Improvement of phase transition properties of magnetron sputtered W-doped VO2 films by post-annealing approach

Abstract

In this work, we investigate the improvement of the thermochromic properties of W-doped vanadium dioxide (VO2) films induced by annealing temperatures. Firstly, W-doped VO2 films with different W contents were successfully prepared on quartz substrates by direct current (DC) reactive magnetron sputtering. The results show that the W element not only decrease the phase transition temperature of VO2 film but also seriously decrease the infrared modulation performance of the film.

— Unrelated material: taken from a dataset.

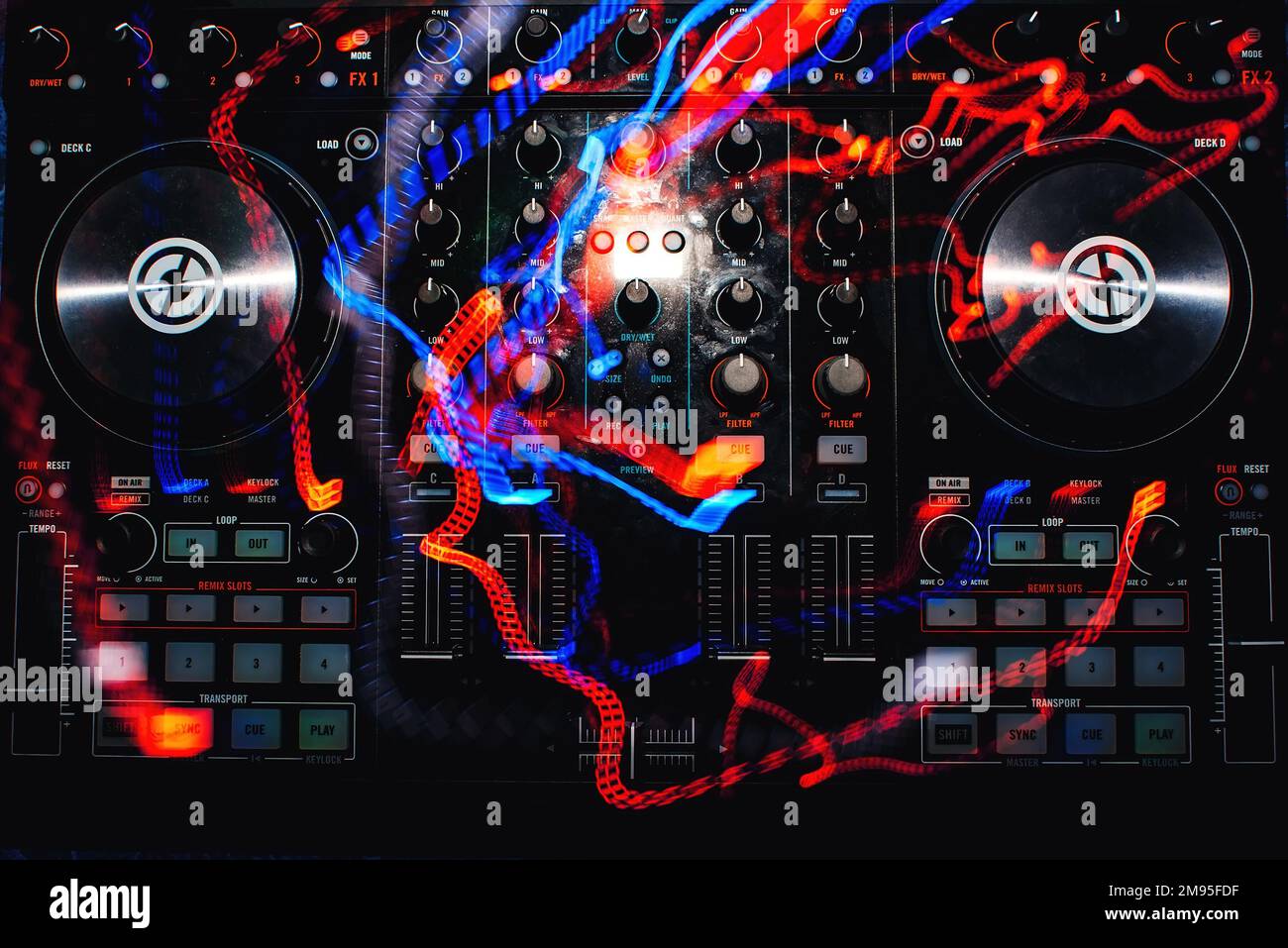 Professional Modern Board DJ Mixing Music And Game Discs With Colorful  Bright Background Stock Photo Alamy | Dj Equipment Games | sincovaga.com.br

Secondly, Undoped and W-doped VO2 films with different annealing temperatures were prepared and characterized by X-ray photoelectron spectroscopy (XPS), X-ray diffraction (XRD), and scanning electron microscopy (SEM) tests. The effect of annealing temperature on the chemical states, crystal structure, and surface morphology of W-doped VO2 films was analyzed. It is found that VO2 film with the 1.4 at.% ratio of W contents has excellent metal–insulator phase transition performance compared to undoped VO2 film at the annealing temperature of 400 °C, i.e., narrower hysteresis width (4.3 °C) and lower phase transition temperature (37.4 °C). More importantly, the infrared amplitude modulation of the film is closer to that of undoped VO2 films. This is attributed to the enhanced (011) diffraction peak intensity and larger particle size and obvious grain boundary in the film. This work shows proper annealing temperatures can maintain the phase-change amplitude modulation performance of W-doped VO2 films while lowering the phase transition temperature and have great potential for infrared modulation applications.